Stewart Bragg, the Georgia GOP’s executive director, said Ossoff “tried to hide his connection” to PCCW, a Hong Kong-based media firm whose executives have ties to the Chinese government.

“We’re asking the Senate Ethics Committee to look into this further, because we believe this was an intentional effort to conceal information from the people of Georgia,” said Bragg.

An Ossoff aide dismissed the complaint as an audacious attempt to distract voters and said he amended the disclosure on his own accord.

The campaign said Ossoff’s company, which produces investigations for news agencies, received around $1,000 through a distributor for two investigations it made on Islamic State war crimes that were rebroadcast by PCCW in Hong Kong. Though the payments were below the $5,000 reporting threshold, the campaign said the sums were disclosed in the interest of transparency.

“David Perdue’s fever dream that Jon Ossoff is some kind of Chinese communist agent because a TV channel in Hong Kong once broadcast two of his company’s films exposing ISIS war crimes is one of the most laughable smear campaigns in Georgia history,” said Ossoff spokeswoman Miryam Lipper.

“This is an utterly false and desperate complaint, which will go nowhere, lodged on behalf of a disgraced senator whose financial misconduct is world famous.”

A China clash

Though Senate ethics complaints are often used by candidates and their allies to target opponents during contentious campaigns, the bipartisan committee rarely takes action.

An analysis by The Atlanta Journal-Constitution found that not one of the nearly 1,200 complaints of alleged violations filed between 2007 through 2019 resulted in a disciplinary sanction. Only six resulted in letters of admonition – basically, a slap on the wrist – during that span.

This complaint alleges the timing of the disclosure – weeks after Ossoff won a seven-candidate Senate primary – left voters “in the dark” about his finances and gave him an advantage over his Democratic rivals.

Candidates routinely file amendments to their personal finances and other campaign filings, and the Democrat’s campaign pointed to 19 amendments to Perdue’s financial disclosures since his 2014 bid.

Perdue and his allies have pummeled Ossoff with attacks over the payment throughout the campaign. In an October debate, the Republican dramatically pulled out a document that he claimed showed Ossoff was trying to hide the business relationship with the Hong Kong firm.
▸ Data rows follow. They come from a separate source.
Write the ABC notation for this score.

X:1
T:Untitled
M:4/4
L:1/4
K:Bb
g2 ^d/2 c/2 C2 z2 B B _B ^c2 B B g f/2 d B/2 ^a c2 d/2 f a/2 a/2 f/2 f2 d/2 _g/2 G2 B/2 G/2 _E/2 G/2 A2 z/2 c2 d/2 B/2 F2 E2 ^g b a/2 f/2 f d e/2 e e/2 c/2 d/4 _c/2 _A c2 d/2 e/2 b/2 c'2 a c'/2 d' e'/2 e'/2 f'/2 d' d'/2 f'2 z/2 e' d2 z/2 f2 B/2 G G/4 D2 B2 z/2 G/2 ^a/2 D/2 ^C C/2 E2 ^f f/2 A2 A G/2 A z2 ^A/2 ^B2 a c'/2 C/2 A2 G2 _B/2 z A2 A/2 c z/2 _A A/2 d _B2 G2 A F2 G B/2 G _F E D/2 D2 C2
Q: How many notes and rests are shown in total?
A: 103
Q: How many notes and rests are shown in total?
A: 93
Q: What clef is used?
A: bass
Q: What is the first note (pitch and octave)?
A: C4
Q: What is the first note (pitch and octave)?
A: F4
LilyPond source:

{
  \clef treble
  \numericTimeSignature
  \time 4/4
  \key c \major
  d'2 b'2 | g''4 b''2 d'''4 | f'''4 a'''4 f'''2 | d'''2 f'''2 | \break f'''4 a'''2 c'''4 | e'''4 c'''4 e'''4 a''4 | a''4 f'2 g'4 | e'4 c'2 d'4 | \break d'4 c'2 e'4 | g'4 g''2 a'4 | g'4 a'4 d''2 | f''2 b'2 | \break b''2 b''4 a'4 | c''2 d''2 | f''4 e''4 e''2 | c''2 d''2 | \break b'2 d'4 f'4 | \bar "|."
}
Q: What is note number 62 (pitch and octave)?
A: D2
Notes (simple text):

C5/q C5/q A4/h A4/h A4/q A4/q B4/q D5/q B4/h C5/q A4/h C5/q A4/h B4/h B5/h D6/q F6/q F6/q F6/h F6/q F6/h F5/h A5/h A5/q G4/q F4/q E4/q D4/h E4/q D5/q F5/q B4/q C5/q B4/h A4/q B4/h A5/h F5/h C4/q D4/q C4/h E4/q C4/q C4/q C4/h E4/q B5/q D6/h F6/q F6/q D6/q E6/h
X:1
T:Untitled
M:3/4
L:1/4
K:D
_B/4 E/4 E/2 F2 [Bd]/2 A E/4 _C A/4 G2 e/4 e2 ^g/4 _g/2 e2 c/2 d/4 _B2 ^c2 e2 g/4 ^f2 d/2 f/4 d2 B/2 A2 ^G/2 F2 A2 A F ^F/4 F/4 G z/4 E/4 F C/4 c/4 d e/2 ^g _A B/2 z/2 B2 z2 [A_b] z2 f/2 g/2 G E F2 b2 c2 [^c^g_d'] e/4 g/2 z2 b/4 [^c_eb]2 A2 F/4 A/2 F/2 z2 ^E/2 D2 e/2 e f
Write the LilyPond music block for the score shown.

“He needs to own up to it, because sooner or later, we need somebody in the United States Senate that will stand up to Communist China,” said Perdue, a former Fortune 500 chief executive.

In a heated comeback, Ossoff said the Republican has “continued to demean yourself.”

“First, you were lengthening my nose in attack ads to remind everybody that I’m Jewish. Then, when that didn’t work, you started calling me some kind of Islamic terrorist,” Ossoff said. “Then, when that didn’t work, you started calling me a Chinese Communist.”